(About this exercise) Retype, word for word, every line from the one holding "Lakeside, Little Aston, Sutton" through the one holding "高石市千代田の波田を止めているポリカフック" in the entries below, both included, and only those lines.

(Input data)
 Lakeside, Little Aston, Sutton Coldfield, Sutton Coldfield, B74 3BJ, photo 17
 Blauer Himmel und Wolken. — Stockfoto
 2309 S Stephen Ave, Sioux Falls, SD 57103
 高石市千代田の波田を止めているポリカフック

---

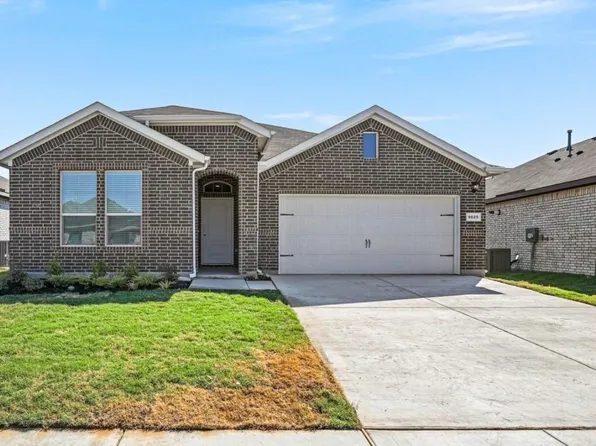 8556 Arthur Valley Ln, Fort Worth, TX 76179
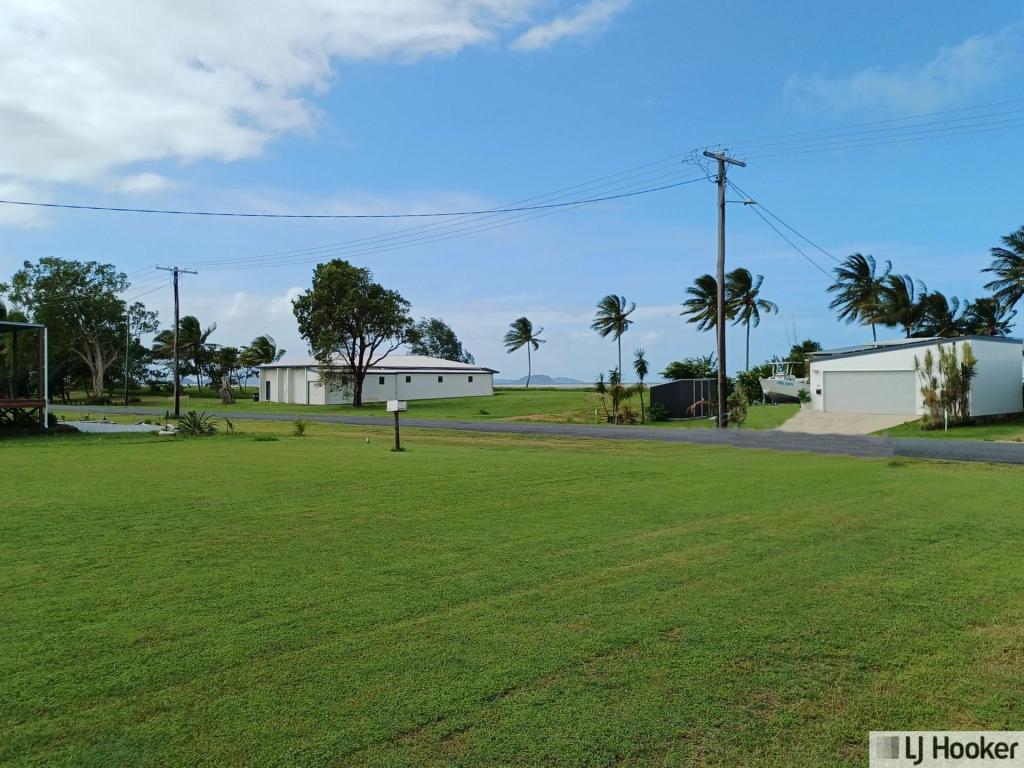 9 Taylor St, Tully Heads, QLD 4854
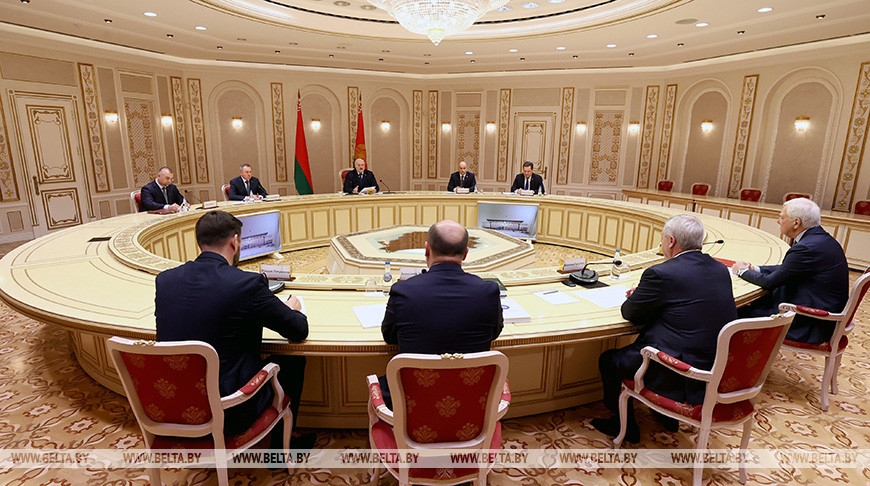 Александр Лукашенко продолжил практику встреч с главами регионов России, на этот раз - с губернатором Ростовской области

==

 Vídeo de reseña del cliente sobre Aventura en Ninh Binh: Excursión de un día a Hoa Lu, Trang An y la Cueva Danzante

(Answer to this problem)
 Lakeside, Little Aston, Sutton Coldfield, Sutton Coldfield, B74 3BJ, photo 17
 Blauer Himmel und Wolken. — Stockfoto
 2309 S Stephen Ave, Sioux Falls, SD 57103
 高石市千代田の波田を止めているポリカフック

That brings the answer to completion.